Because they don't know. The issue of radar coverage is rather complex:

Civilian ATC is used to monitor and control civilian airspace. It uses two types of radars - Primary Surveillance Radar (PSR) and Secondary Surveillance Radar (SSR). The first is a physical 'echo' from any object within range (as already discussed, that is typically 60NM), the second is essentially a two-way radio communication between two computers using an interrogation - response protocol. Most of the world (except the deep ocean regions and some very remote land areas) are covered by SSR, but PSR is typically based at major airports to cover the surrounding airspace. The information from both sources are displayed on ATC radar screens, and in an area with dual coverage an aircraft with no transponder signal will show up as an unidentified blip on the screen. However in areas with only SSR, aircraft with no transponder signal will not show up.

When MH370 'disappeared from radar', the transponder signal was lost. But that does not immediately equate to anything happening with the aircraft, it just means that there is no transponder response. This is why Malaysian ATC tried for another hour to contact the aircraft, and only when it should have been visible to Vietnamese PSR did they raise the alarm that something was amiss.

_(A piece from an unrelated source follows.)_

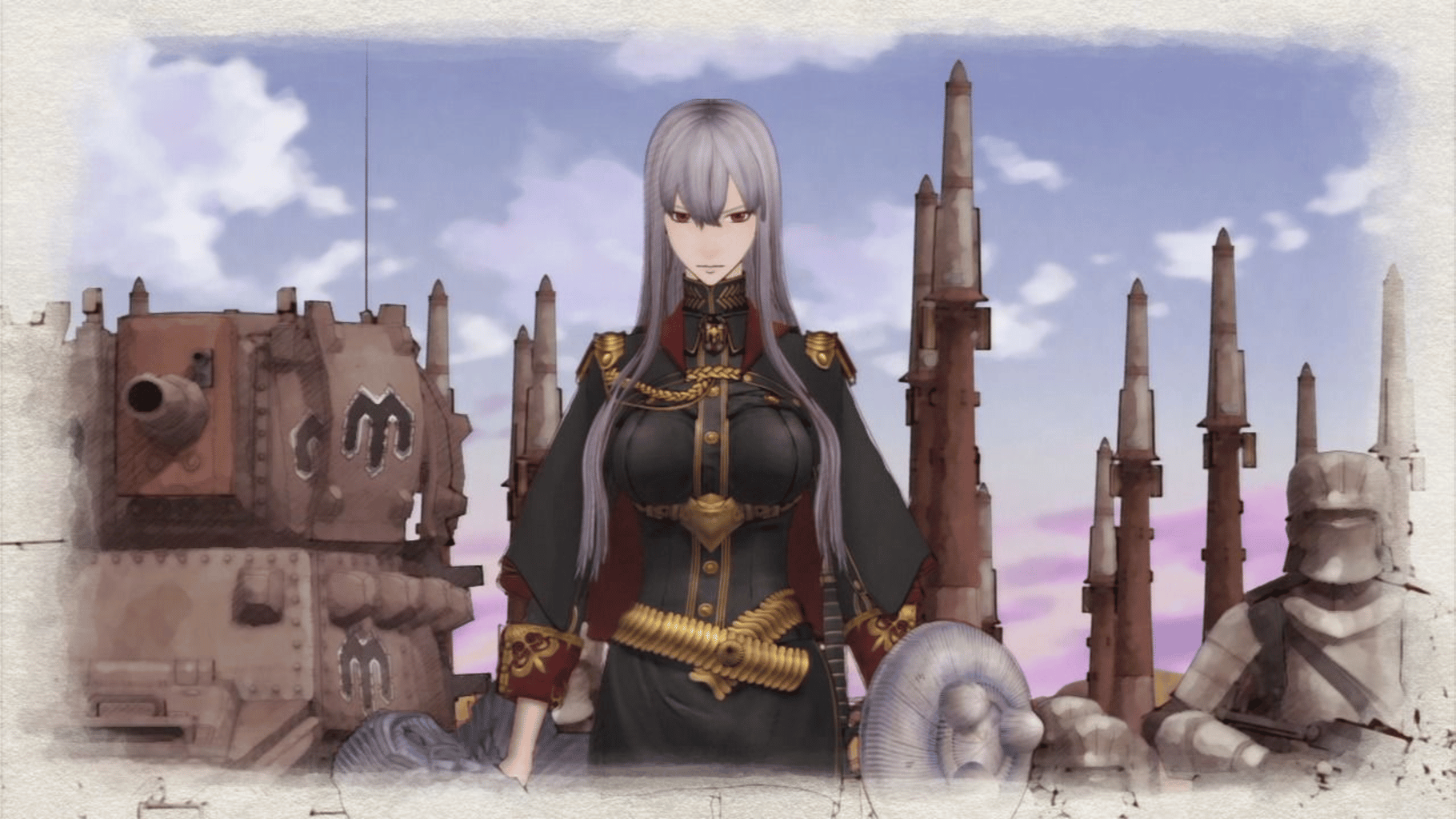 Valkyria Chronicles screenshot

Military radar in normal peacetime works the opposite way. Rather than controlling civilian airspace, it just monitors it, with a real-time data link to civilian ATC. On military monitors the known and identified targets are blanked out, so observers can focus on any unidentified targets. Thus military radar would not have monitored MH370, and if in the few seconds between loss of transponder signal and descent below observable height an unidentified blip would have appeared, that would have likely gone unnoticed. In all such cases it is a lengthy reconstruction process to retrieve the primary military radar data (which may first need to be 'weeded' to remove traces of any hush-hush activity), then match all targets with known and identified aircraft before anything may be said with any certainty.

I'm sure this is being done as we speculate in vain. In such cases the radar manufacturer may also be involved to attempt to amplify any possible weak signals that would have been filtered out as background noise by the processing software, but would still be recorded within the primary raw data. Naturally this takes time measurable in days or weeks, and is usually done as a part of an investigation process if no other sources are available to reconstruct the last moments of an aircraft.

Last edited by andrasz; 9th Mar 2014 at 15:03.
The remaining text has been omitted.